Wednesday, December 02, 2009

 

Go Respect Yourself





A few years ago during halftime of a football game a young mother came up to me and asked,” is it true that you told your students that if they haven’t been arrested then they weren’t getting out much? What kind of message is that?”
“It simply means getting arrested is easy; that the branches of enforcement are tripping over each other to collar people and that teenagers are the easiest of targets from underage drinking to squealing tires after leaving a parking space.”
“And did you also tell them to never disrespect someone then just leave them standing there. That it is better to just follow through and kill them that way you know the person won’t go home and seethe before returning heavily armed on a mission to annihilate their entire family. What is the message there?”
The message is “don’t disrespect people especially if it involves the essence of whom they are whether that be student or a worker and never mess with a person inside their own family.”
Last week five students I know, all athletes or former athletes, were involved in a gun incident that involved actual shooting from a moving vehicle and shooting at a stationary vehicle.

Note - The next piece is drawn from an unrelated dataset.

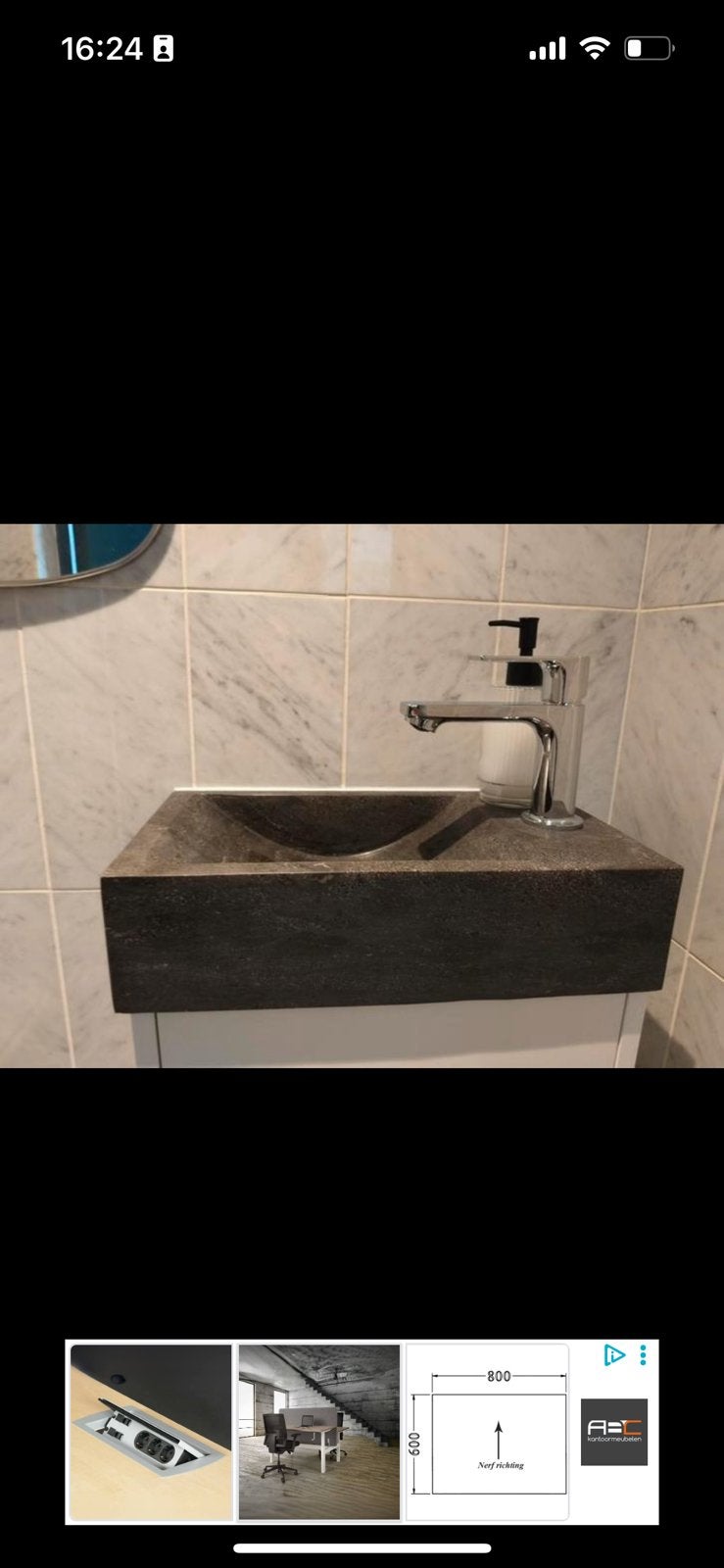 Handenwasser uit blauwe steen, Ophalen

The broader community has weighed in like a Jenny Craig encounter group using actual names and saying things like ‘where are the parents, what about the coaches and teachers”—did I mention dropping actual names?

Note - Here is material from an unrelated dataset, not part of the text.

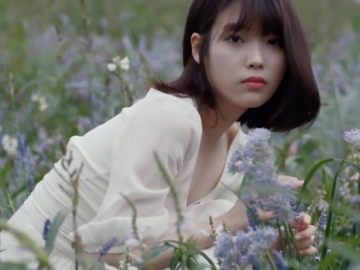 Gelar Fanmeeting Anniversary ke-9, IU Dapat Karangan Bunga dari Dua Sosok Spesial Ini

Tens of thousands of innocent extended family members have had the experience of waking up one morning to a story that someone in their kinship matrix has been arrested for violating a cultural taboo or law. Families pull the protection circle in tightly because the community big guns will begin to fire like a pneumatic rifle that shoots ping-pong balls. What about offering help and support? Just a wild thought but the judicial system will kick into gear and teach many valuable lessons many of which will result in a temporary loss of freedoms and a permanent loss of opportunities.